> What to do
In the material below, find the line containing "LED Message Board" and the line containing "Handwritten step-by-step solution preview", then reproduce exactly both of them and every line between, and nothing else.

#### Information given

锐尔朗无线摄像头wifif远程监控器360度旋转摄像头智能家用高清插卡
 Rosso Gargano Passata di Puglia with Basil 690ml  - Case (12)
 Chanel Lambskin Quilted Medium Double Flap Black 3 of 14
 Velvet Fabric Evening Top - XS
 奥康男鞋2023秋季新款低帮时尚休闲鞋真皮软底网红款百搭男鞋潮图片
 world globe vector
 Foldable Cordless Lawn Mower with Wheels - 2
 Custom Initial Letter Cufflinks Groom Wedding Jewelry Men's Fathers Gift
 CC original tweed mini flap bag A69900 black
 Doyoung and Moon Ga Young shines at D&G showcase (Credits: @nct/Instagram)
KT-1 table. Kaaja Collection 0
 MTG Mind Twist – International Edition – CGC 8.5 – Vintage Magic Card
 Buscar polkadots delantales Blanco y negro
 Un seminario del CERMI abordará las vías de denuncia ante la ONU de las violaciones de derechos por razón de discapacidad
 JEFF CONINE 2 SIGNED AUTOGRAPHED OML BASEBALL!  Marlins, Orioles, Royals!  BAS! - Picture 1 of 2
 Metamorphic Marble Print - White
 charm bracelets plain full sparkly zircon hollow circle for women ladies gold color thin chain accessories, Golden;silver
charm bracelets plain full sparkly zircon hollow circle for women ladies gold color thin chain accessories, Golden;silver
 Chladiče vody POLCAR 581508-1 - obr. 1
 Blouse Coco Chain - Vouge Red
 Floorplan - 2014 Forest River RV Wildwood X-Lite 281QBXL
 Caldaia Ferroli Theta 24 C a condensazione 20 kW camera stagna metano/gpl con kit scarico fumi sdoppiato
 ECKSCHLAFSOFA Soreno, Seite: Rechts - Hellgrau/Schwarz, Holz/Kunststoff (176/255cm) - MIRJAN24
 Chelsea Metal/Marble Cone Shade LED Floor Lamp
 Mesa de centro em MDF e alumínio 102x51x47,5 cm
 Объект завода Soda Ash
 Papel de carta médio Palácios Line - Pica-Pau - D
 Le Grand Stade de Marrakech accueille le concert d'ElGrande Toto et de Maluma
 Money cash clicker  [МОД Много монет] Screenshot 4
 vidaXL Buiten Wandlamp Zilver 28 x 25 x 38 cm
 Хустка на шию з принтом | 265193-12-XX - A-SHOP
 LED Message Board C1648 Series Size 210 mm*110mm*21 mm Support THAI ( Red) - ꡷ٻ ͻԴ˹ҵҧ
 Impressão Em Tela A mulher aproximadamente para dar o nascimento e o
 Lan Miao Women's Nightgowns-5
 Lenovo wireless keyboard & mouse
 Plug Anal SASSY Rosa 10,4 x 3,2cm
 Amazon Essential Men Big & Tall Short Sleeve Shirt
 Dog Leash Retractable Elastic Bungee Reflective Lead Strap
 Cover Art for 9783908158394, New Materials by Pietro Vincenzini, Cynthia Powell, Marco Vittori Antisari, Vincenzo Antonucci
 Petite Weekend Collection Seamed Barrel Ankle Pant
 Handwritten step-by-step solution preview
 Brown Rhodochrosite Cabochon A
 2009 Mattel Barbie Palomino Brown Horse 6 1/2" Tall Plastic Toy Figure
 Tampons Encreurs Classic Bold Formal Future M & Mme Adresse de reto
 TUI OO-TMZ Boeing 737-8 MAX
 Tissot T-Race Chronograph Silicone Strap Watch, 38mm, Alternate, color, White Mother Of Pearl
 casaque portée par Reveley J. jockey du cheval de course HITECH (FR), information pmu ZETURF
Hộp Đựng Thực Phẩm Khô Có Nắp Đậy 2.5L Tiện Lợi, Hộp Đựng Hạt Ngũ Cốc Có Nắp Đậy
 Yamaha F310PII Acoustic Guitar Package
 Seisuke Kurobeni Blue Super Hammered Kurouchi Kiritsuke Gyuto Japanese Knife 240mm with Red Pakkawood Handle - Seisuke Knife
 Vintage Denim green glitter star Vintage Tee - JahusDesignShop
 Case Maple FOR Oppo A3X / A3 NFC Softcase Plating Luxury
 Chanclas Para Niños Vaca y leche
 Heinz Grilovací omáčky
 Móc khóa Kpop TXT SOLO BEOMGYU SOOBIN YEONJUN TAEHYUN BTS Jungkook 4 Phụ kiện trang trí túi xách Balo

########

> Expected answer
 LED Message Board C1648 Series Size 210 mm*110mm*21 mm Support THAI ( Red) - ꡷ٻ ͻԴ˹ҵҧ
 Impressão Em Tela A mulher aproximadamente para dar o nascimento e o
 Lan Miao Women's Nightgowns-5
 Lenovo wireless keyboard & mouse
 Plug Anal SASSY Rosa 10,4 x 3,2cm
 Amazon Essential Men Big & Tall Short Sleeve Shirt
 Dog Leash Retractable Elastic Bungee Reflective Lead Strap
 Cover Art for 9783908158394, New Materials by Pietro Vincenzini, Cynthia Powell, Marco Vittori Antisari, Vincenzo Antonucci
 Petite Weekend Collection Seamed Barrel Ankle Pant
 Handwritten step-by-step solution preview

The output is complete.